Table of contents
  1. Check the volume of folder in Linux
  2. nohup
  3. Backup in Linux
  4. Backup using bash script
  5. Backup MongoDB
  6. Periodically delete folders or files using crontab
  7. Customizing your terminal using OhMyZsh
  8. vim 配置
  9. How to add file header using vim
  10. 如何在Linux系统中管理用户并赋予相应的权限
  11. Manage a group and user in linux
  12. mkdir
  13. tar
  14. find
  15. awk 的使用
  16. download multiple illumina project data through xargs
  17. How to find all files containing specific text (string) on Linux
  18. What is the difference between the Bash operators [[ vs [ vs ( vs ((?
  19. How to parse bash script arguments

Check the volume of folder in Linux

du -sh folderName

-h. Shows sizes in a human-readable format.
-s. Summarizes the total for each argument.
-a. Includes files as well as directories.

e.g

(base)du -sh streamlit-combine  
12M     streamlit-combine

nohup

If you still want to keep the processes running even exiting the shell/terminal, then nohup is your choice.
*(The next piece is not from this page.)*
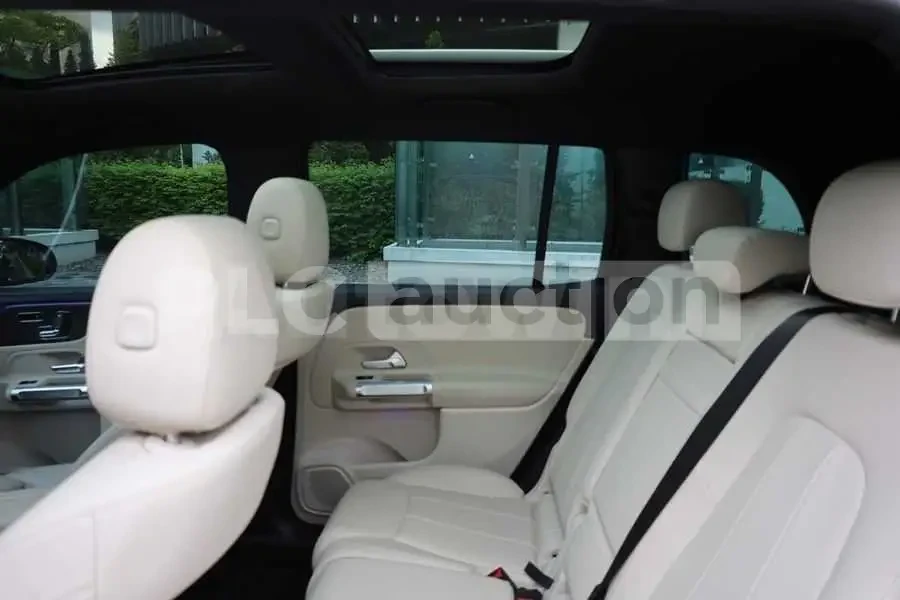 Mercedes-Benz GLB 200 d | КАМЕРА| DISTRONIC| ПАНОРАМА| ВКЛ.ТЕХНОТЕСТ, снимка 10 - Автомобили и джипове - 54764511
Nohup, short for no hang up is a command in Linux systems that keep processes running even after exiting the shell or terminal

E.g. when you upload illumina whole run locally using bs command line:

nohup $bs upload run -n reupload-240312At0317 –t NovaSeq6000 ./240312_A01905_0076_AH7KH7DSX > ~/projects/illumina/UploadRun.out

Note:

  1. -n : refer to the name you’d like to show up in basespace
  2. -t : refer to the machine that you used for the sequence
  3. ./240312_A01905_0076_AH7KH7DSX : specify the wohle run folder in the machine
  4. ~/projects/illumina/UploadRun.out : redirect the output to another file in case you need to check the log.

Backup in Linux

If you build a database and you’d like to backup the database periodically, then you can use rsync and crontab

  1. You should use the user account that has the sudo permission
  2. Test rsync : rsync -aAXv --delete --dry-run --exclude=/dev/* --exclude=/proc/* --exclude=/sys/* --exclude=/tmp/* --exclude=/run/* --exclude=/mnt/* --exclude=/media/* --exclude="swapfile" --exclude="lost+found" --exclude=".cache" --exclude="Downloads" --exclude=".VirtualBoxVMs"--exclude=".ecryptfs" / /run/media/alu/ALU/ . The --exclude can recognize regex pattern, --delete means if you delete some files from the source, then this file will also be deleted from the target. --dry-run: just test not run in real case, you can use it test whether the files are what you want.
  3. Enter command : sudo crontab -e, it will use the root permission to run the command, so you don’t need to add sudo at the head of the command line.
  4. Write down the rsync command based on the creteria to write down the command that you’d like to run periodically.
  5. Save it.

If you’d like to run the command every minutes, then you need to write the time like : * * * * *

Sometimes, you do not have the sudo permission to use rsync command. Here’s a solution to do that on the other way.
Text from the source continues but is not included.